Not the big decisions, just the simple ones – such as what to have for dinner or whether to throw the can from that diet Coke you just finished into the wastebasket next to your desk or carry it to the recycling bin in the kitchen. No, this is not to make you feel guilty if you did not recycle that can. It also is not a condemnation of your diet if the dinner is a quick trip through the drive-thru (complete with a licensed Happy Meal toy, if you are my family) or if it comes from your share of the local farming cooperative.
My only point is to say that our lives are becoming increasingly “seamless” – without borders that distinguish work from play, philanthropy from shopping, and we from the world around us. As nonprofit leaders, this can be both liberating and exhausting. We can develop complex cause marketing plans wherein our cause benefits when a consumer buys the brand of choice at the store. We can encourage responsible behavior by bringing recycling bins and paper pickup campaigns to area businesses. We can even empower our supporters to change the standard practices of government or business through their actions.
Whether a volunteer or NPO staff, we contribute to the seamless nature of living today. This makes it important that we give our supporters good, solid, easy to understand information about our causes and what we need from them. They do listen and advocate to encourage others to listen as well.
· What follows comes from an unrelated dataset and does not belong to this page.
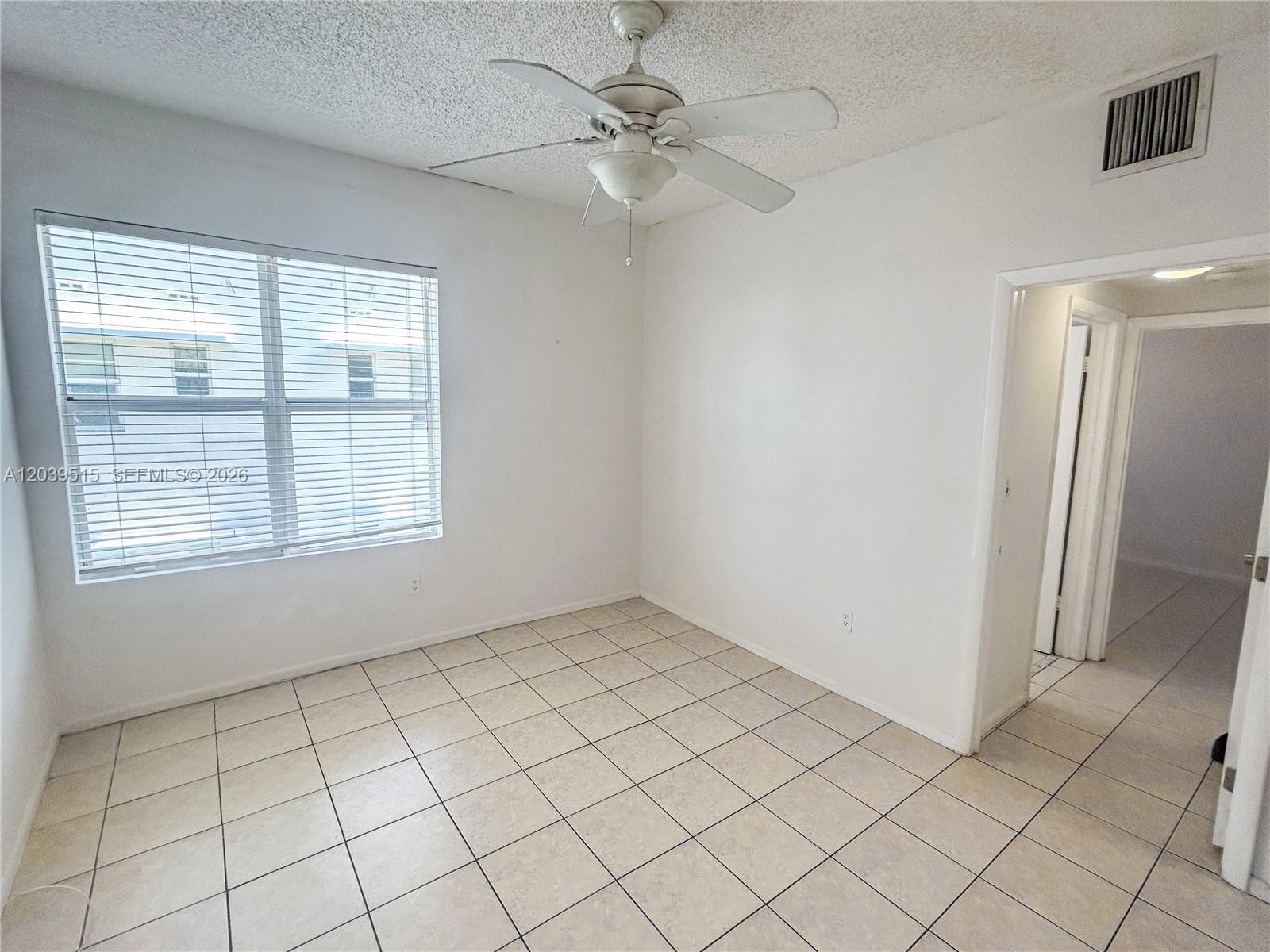 A room with white walls, light-colored tile flooring, a ceiling fan, and a window — 1218 Drexel Ave # 204, Miami Beach FL 33139, MIAMI BEACH, FL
In addition to your fundraising appeals, do you empower your supporters to make this type of difference in the community?
Add a simple call to action to your Web site, your newsletter or your next correspondence. Model this behavior for others in the workplace and in your personal life – create a buzz for organics, recycling, literacy or whatever speaks to you. Fundraising isn’t just about writing a check anymore, it appears. It can be incorporated “seamlessly” into our daily lives with the right guidance.

I think it’s important to develop a seamless relationship with our donors, to make them feel that they are an integral asset to the organization.